From: | Fujii Masao <masao(dot)fujii(at)gmail(dot)com> |
---|---|
To: | Alexander Korotkov <aekorotkov(at)gmail(dot)com> |
Cc: | Heikki Linnakangas <hlinnakangas(at)vmware(dot)com>, PostgreSQL-development <pgsql-hackers(at)postgresql(dot)org> |
Subject: | Re: HEAD seems to generate larger WAL regarding GIN index |
Date: | 2014-03-17 13:20:00 |
Message-ID: | CAHGQGwGU4_SVFt2EztmwDAkTQKRH3zStF-fbYRKny0Qtha9OVw@mail.gmail.com |
Views: | Raw Message | Whole Thread | Download mbox | Resend email |
Thread: | |
Lists: | pgsql-hackers |
On Sun, Mar 16, 2014 at 7:15 AM, Alexander Korotkov
<aekorotkov(at)gmail(dot)com> wrote:
> On Sat, Mar 15, 2014 at 11:27 PM, Heikki Linnakangas
> <hlinnakangas(at)vmware(dot)com> wrote:
>>
>> On 03/15/2014 08:40 PM, Fujii Masao wrote:
>>>
>>> Hi,
>>>
>>> I executed the following statements in HEAD and 9.3, and compared
>>> the size of WAL which were generated by data insertion in GIN index.
>>>
>>> ---------------------
>>> CREATE EXTENSION pg_trgm;
>>> CREATE TABLE hoge (col1 text);
>>> CREATE INDEX hogeidx ON hoge USING gin (col1 gin_trgm_ops) WITH
>>> (FASTUPDATE = off);
>>>
>>> CHECKPOINT;
>>> SELECT pg_switch_xlog();
>>> SELECT pg_switch_xlog();
>>>
>>> SELECT pg_current_xlog_location();
>>> INSERT INTO hoge SELECT 'POSTGRESQL' FROM generate_series(1, 1000000);
>>> SELECT pg_current_xlog_location();
>>> ---------------------
>>>
>>> The results of WAL size are
>>>
>>> 960 MB (9.3)
>>> 2113 MB (HEAD)
>>>
>>> The WAL size in HEAD was more than two times bigger than that in 9.3.
>>> Recently the source code of GIN index has been changed dramatically.
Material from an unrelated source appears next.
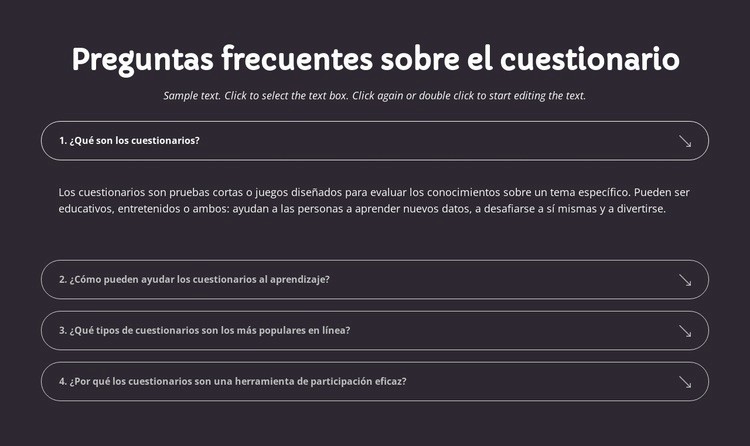 Preguntas frecuentes sobre el cuestionario Plantilla de una página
>>> Is the increase in GIN-related WAL intentional or a bug?
>>
>>
>> It was somewhat expected. Updating individual items on the new-format GIN
>> pages requires decompressing and recompressing the page, and the
>> recompressed posting lists need to be WAL-logged. Which generates much
>> larger WAL records.
>>
>> That said, I didn't expect the difference to be quite that big when you're
>> appending to the end of the table. When the new entries go to the end of the
>> posting lists, you only need to recompress and WAL-log the last posting
>> list, which is max 256 bytes long. But I guess that's still a lot more WAL
>> than in the old format.
I ran "pg_xlogdump | grep Gin" and checked the size of GIN-related WAL,
and then found its max seems more than 256B. Am I missing something?
What I observed is
[In HEAD]
At first, the size of GIN-related WAL is gradually increasing up to about 1400B.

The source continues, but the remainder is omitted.